Le ciel a été avalé par le mur blanc devant moi, derrière les vitres, tout est blanc. Le sol semble gelé, enneigé par endroits. Plus de paysage, plus de dimension, juste un mur blanc, absorbant tout sur son passage, sous ses flocons, même les bruits, plus de voitures, de rares passants. Je reste là, stupéfaite, assommée par ma nuit impossible.
Libre pourtant du poids d'une relation qui partait en vrille, qui me donnait des maux de têtes, me perturbait. Je l'ai quitté, il est parti, penaud mais conscient de ses fautes, de mes essais répétés pour oublier, pour effacer. Mais ce n'était plus possible, plus vivable, surtout lorsque l'on veut construire une vie autre que celle de gentils sexfriends. Je voulais un couple, pas un ami, pas une aventure, mais un futur mari, du moins un compagnon.
Là, entre deux fêtes, entre familles et amis, je suis sous ma couette, encore en pleine réflexion pour savoir si il fallait tout lui dire, lui pardonner encore, lui dire de rester, lui dire mon amour pour lui, lui dire de partir, de ne plus jamais revenir. Tout se mêle et plus encore s'emmêle en moi, j'ai la nausée, je ne suis plus moi sans lui. Il me manque et pourtant j'ai coupé cette partie pourrie, sans vie, non compatible avec mes pensées et mes émotions.
Dans le froid, j'ai posé sa valise sur le palier, ses dernières affaires devant l'ascenseur, j'ai fermé la porte. Je ne l'ai pas vu, remonter pour prendre le reste, c'était déjà un point final, une affaire finie, classée, rangée dans mon esprit. Du moins je le croyais hier.

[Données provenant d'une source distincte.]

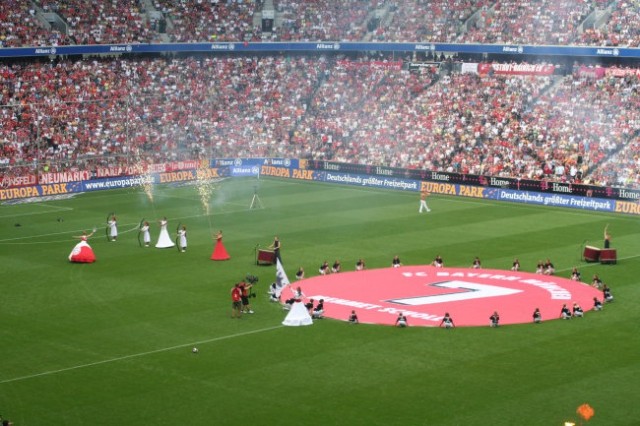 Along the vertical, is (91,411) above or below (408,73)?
below

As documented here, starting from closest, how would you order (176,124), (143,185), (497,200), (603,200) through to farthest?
(603,200)
(497,200)
(143,185)
(176,124)

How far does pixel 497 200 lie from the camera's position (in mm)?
69688

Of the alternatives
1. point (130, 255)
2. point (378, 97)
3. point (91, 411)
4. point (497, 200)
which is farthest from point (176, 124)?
point (91, 411)

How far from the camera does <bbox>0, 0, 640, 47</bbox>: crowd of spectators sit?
258 ft

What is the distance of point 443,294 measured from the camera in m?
43.8

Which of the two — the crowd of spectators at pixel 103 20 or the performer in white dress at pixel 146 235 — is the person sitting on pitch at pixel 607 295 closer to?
the performer in white dress at pixel 146 235

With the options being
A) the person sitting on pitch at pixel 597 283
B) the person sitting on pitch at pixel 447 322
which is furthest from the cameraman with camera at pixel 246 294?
the person sitting on pitch at pixel 597 283

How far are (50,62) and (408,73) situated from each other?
29.9m

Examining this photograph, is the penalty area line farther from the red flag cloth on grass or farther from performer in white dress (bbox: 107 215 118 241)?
performer in white dress (bbox: 107 215 118 241)

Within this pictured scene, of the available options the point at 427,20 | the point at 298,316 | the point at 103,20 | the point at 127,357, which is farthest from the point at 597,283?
the point at 103,20

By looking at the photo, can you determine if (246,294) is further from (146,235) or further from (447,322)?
(146,235)

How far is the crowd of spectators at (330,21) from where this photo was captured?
78750mm

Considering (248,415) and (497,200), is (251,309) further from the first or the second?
(497,200)

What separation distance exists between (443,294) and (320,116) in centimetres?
4599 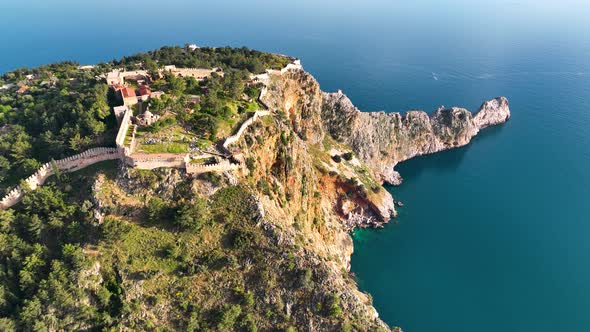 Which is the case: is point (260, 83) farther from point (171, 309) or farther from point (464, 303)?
point (464, 303)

Et ce matin, les mouchoirs me semblent bien loin pour effacer ce mur blanc devant moi.
Suis-je moi sans lui ?
J'ai dû mal à me retrouver, sans son regard, sans sa chaleur le matin, je glisse sous la douche, son gel douche est encore là, je le jetterai. Plus rien de lui, je savoure l'eau chaude et dehors, le brouillard devient neige froide, épaisse et sourde. Seul le bruit de l'eau, ma peau en contact, moi que je ressens à l'intérieur, ma serviette, la douceur. Je me maquille, ce trait d'eye-liner qui me donne ces yeux de biche, je veux être la même, je rate, une fois, deux fois. Pourquoi ?
L'ombre, une présence, plutôt une non-présence qui m'intimide, un monde nouveau, celui du célibat, de la séduction, mais avant surtout des questions sur les fêtes, sur Noël, les cadeaux et ton ami, sa famille, les derniers jours. Aucune envie de leur dire, c'est un nouveau vide, c'est rien à la place d'un tout établi à leurs yeux, je suis juste moi. Comment l'expliquer, comment ne pas le justifier, comment juste l'annoncer entre deux gobelets de mauvais café ? Je me vois un peu flou dans ce miroir, un peu moi, un peu marquée par ce choix. Le mien, pour nous.
Et puis finalement, je prends une robe, non un pull sur un long tee-shirt très confortable, un pantalon épais sur un collant, il fait froid dehors. Je pense à moi, à mon corps, à ses mains qui ne seront plus là sur moi, ni ce soir, ni demain, mais les miennes, ma peau. Mes boucles d'oreilles, un plaisir, un peu de mon identité, je relève mes cheveux, je regarde encore le blanc extérieur, je suis bien. Le soleil est derrière, j'enfile mon manteau, une doudoune avec de la fausse fourrure autour de ma tête, un cocon, une carapace.
Je bois mon thé, je pense à moi, soudain à lui, une dernière fois, je reviens à moi, à l'heure de partir.